Première leçon à tirer de cela, il est aisé pour des élus de justifier leurs actions et la gestion des deniers publics, puisque les explications les plus grotesques passent comme une lettre à la poste. Cela est d’autant plus aisé que personne, pas plus les adjoints que les élus de base, conseillers municipaux de la majorité ou de l’opposition,, dont c’est la mission et les citoyens dont ce devrait être le devoir, sauf quelques exceptions, ne prennent la peine de vérifier ni d’exercer un esprit un tant soi peu critique sur les justifications données. Serait-ce par peur d’ouvrir la boite de Pandore ? Faudrait-il, à La Bresse, afficher en permanence un semblant de consensus ? Craindrait-on de se singulariser par des critiques trop marquées ? Y-aurait-il un climat général de soumission sur fond de pusillanimité ? Je n’ai pas la réponse, mais ce que je sais c’est que lorsque les problèmes apparaissent, c’est toujours trop tard et les remèdes sont alors très douloureux. (voir le dossier de l’EHPAD et ses conséquences qui sont loin d’être épuisées)

Cette municipalité rentre dans sa quatrième année de mandat et son bilan n’est rien moins que désastreux. Nous aurons l’occasion d’en dresser le tableau prochainement. Quelques élus, pouvant être comptés sur les doigts d’une seule main, sont à la manœuvre, et, sans l’ombre d’un projet, dépourvus de toute réflexion sur l’avenir de la commune, prennent seuls les décisions, la plupart du temps imposées par le cours des choses ou suggérées par leurs amis politiques ou privés. Le reste de l’équipe majoritaire, conseillers et adjoints, pointant aux abonnés absents, ou quand ils leur arrivent de se manifester, s’illustrant par leur inanité, qualité libéralement partagée dans cette équipe.

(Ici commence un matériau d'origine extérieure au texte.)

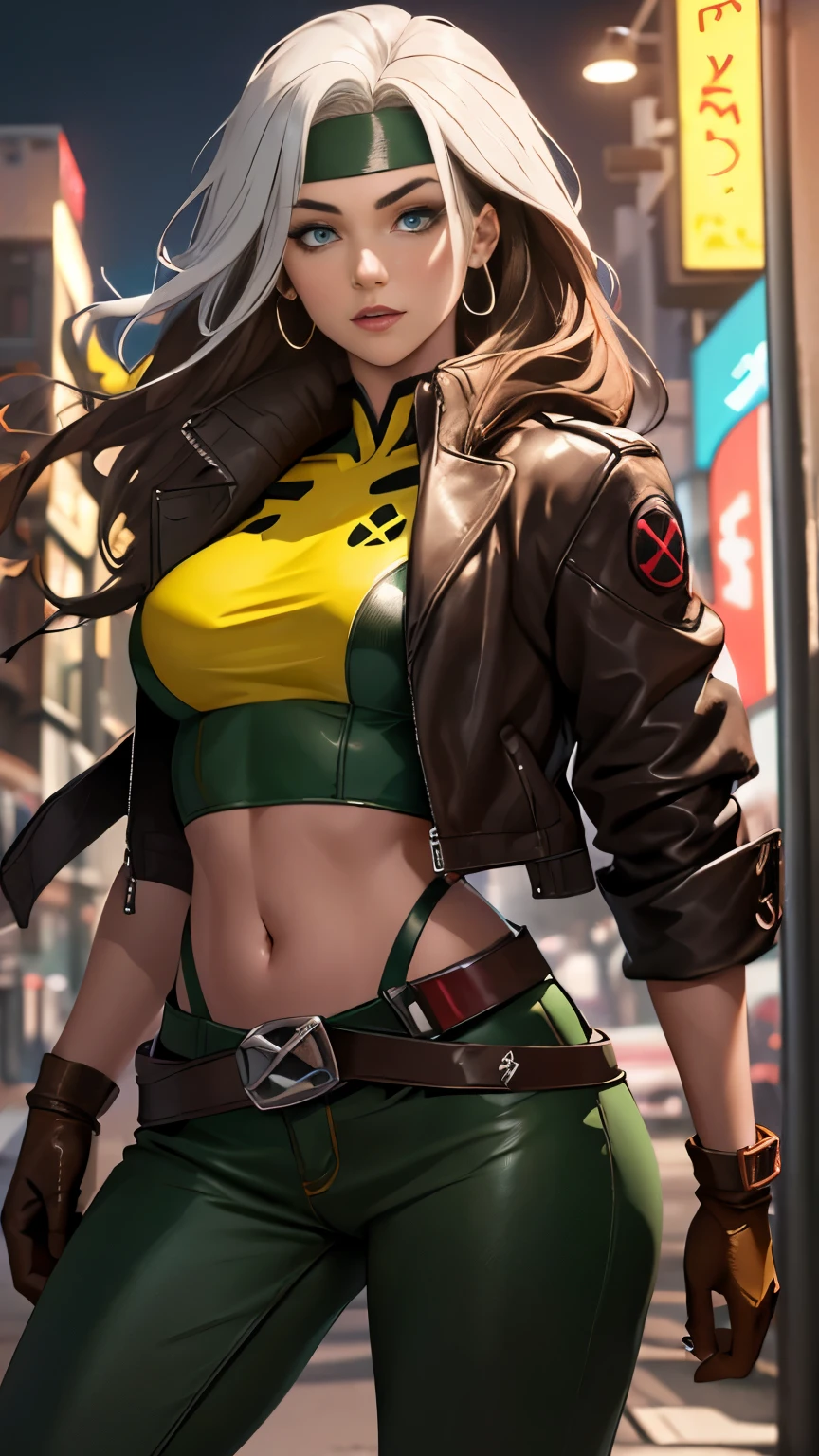 (Highly quality, masterpiece, detailed), night city detailed scenario, night city detailed background, 20 years old girl, solo, multi colored hair, white hair, brown hair, Superhero, Rogue, Xtreme, blue eyes, jacket, open clothes, belt, open jacket, headband, cropped legs, leather, leather jacket, green pants, yellow pants, yellow leather top, green leather top, crop top, navel, perfect face, beautiful eyes, perfect eyes, looking at the viewer, Sexy pose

On constate même depuis peu que des représentants de commerce réussissent à leur fourguer quelques produits inutiles mais onéreux pour le contribuable. L’absence totale d’idées et de réflexions, la nature ayant horreur du vide, laisse la porte ouverte au premier bonimenteur venu ayant flairé la bonne affaire. C’est ainsi que l’on entends parler de l’installation de caméras de vidéo surveillance, système extrêmement coûteux tout autant qu’inutile et de la mise en place d’un dispositif de délation communautaire appelé « voisins vigilants ». Nous reparlerons de ces délires sécuritaires de nos édiles le moment venu.

Revenons à la RME. Nous examinerons les choix opérés par le Conseil d’administration de la RME sous la direction de Jérôme Mathieu son président. Plusieurs de ces choix, au sujet desquels on s’épuise à trouver trace dans l’abondante et souvent superficielle communication municipale, ont déjà des conséquences délétères sur les comptes de la Régie et cela ne pourra que s’aggraver dans la période qui vient. Certains de ces choix touchent à la structure du fonctionnement de la Régie et affectent d’ores et déjà son autonomie de gestion. D’autres présentent un caractère outrageusement avantageux pour quelques clients etc… Nous mettrons à jour, dans les épisodes suivants, sur la base de documents techniques et financiers, les orientations à l’œuvre dans la gestion de la régie, et nous constaterons que nous nous dirigeons à terme vers une privatisation de celle-ci et par voie de conséquence, vers un naufrage des principes de services public, intérêt collectif, gestion économe et transparente toute entière au service du citoyen, égalité d’accès et continuité du service, au profit de grands groupes et de leurs actionnaires qui n’ont qu’une seule religion et un seul dieu, toujours plus de profit.

Ce processus est déjà bien engagé, et si les Bressauds veulent conserver leur régie municipale d’électricité et les avantages qu’elle leur procure, les temps sont aujourd’hui venus de l’exprimer avec force.

Le 20/09/2018

Gracchus

1 J’utilise cette expression car n’ayant pas accès au détail du grand journal de la comptabilité de la Régie tenu par la perception de Cornimont, je ne puis être affirmatif. Cependant l’analyses des comptes administratifs et notamment de la ligne “admission en non valeur” laisse penser que la réalité des impayés est au moins 4 fois inférieure au chiffre annoncé.